Mots clefs : Elaborer des méthodes et des ressources pour la paix | Travailler la compréhension des conflits | Agir pour la transformation des conflits | République Démocratique du Congo | Région des Grands lacs
Langues : français
Type de document : Ouvrage
Une fois par an, la province congolaise du Sud-Kivu, dans la région des Grands Lacs, devient un lieu de transhumance. Des milliers de bovins descendent les Hauts et Moyens Plateaux afin de rejoindre des pâturages situés plus en aval.
Cet ouvrage propose d’essayer de comprendre les liens entre ces déplacements annuels de troupeaux et les conflits qui agitent le Sud-Kivu depuis 1996. Les conclusions exposées ici le montrent, la réalité est plus complexe, mais riche en enseignements.

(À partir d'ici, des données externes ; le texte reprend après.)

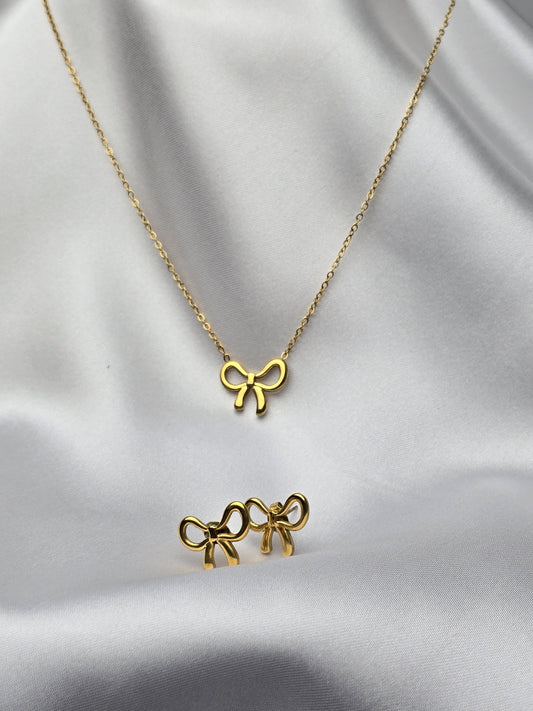 Minimal Bow Necklace Set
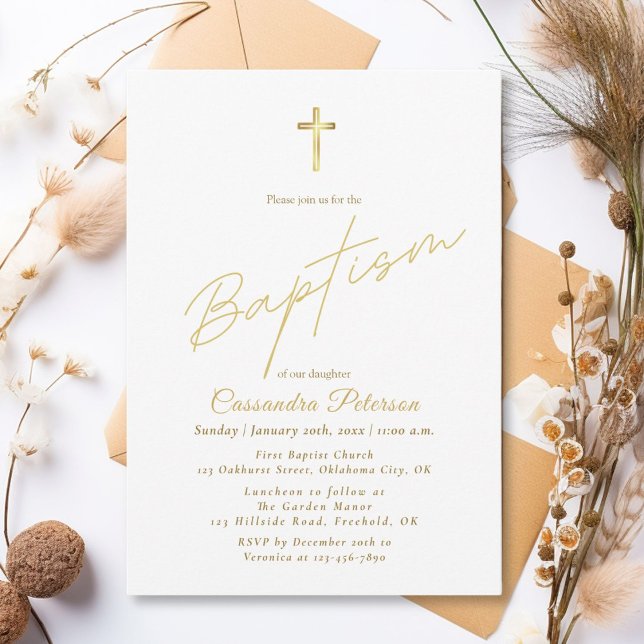 Invitation simple Elegant Gold Cross Baptism (Créateur téléchargé)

Les conflits liés à la transhumance s’enracinent dans la symbolique des sociétés paysannes de la région des Grands Lacs, en particulier les symboles de la houe et de la vache – auxquels le fusil vient ajouter une dimension supplémentaire. La houe est un outil commun à toutes les sociétés agricoles. Son nom, dans le langage commun, renvoie au dur labeur champêtre sur lequel la majorité de la population compte pour survivre. Elle renvoie également, dans ce contexte, à l’espace nécessaire à la pratique de la petite agriculture familiale. Quant à la vache, dont le lait constitue une ressource vitale, elle est le symbole par excellence de la vie dans les sociétés pastorales. Elle est un symbole de richesse, de réussite économique, ainsi qu’un précieux instrument d’épargne. La vache, dans ce livre, renvoie également à l’espace nécessaire à la pratique de l’élevage. À partir du moment où les identités de certaines communautés sont adossées aux activités agricoles et pastorales, l’accès et le contrôle de la terre cessent d’être une simple question de séparation entre zones de cultures et de pâturages, pour devenir un enjeu de cohabitation entre communautés ethniques.
Cette cohabitation fut, en principe, historiquement régulée par des institutions traditionnelles, autour d’un système de tenure unissant demandeurs et régisseurs de terres. Ces institutions ont plus ou moins bien fonctionné jusqu’à l’introduction du fusil dans les communautés villageoises. Même si l’arme à feu est un instrument de pouvoir, de chasse et de défense du territoire, sa prolifération à l’Est de la RDC participe à l’érosion du mode de régulation des rapports entre agriculteurs et éleveurs. Il sert à empêcher les éleveurs d’accéder aux pâturages, tout autant qu’il leur permet de forcer cet accès. Le fusil, dans ce contexte, est le symbole de la négation de l’autre.
Cette publication dresse le premier bilan de l’une des initiatives les plus ambitieuses prises en matière de gestion de la transhumance dans la zone : la mise en place, par le Life & Peace Institute et ses partenaires locaux, de Cadres de Concertation Intercommunautaires chargés d’appliquer des accords entre éleveurs, agriculteurs et chefs coutumiers au Sud-Kivu.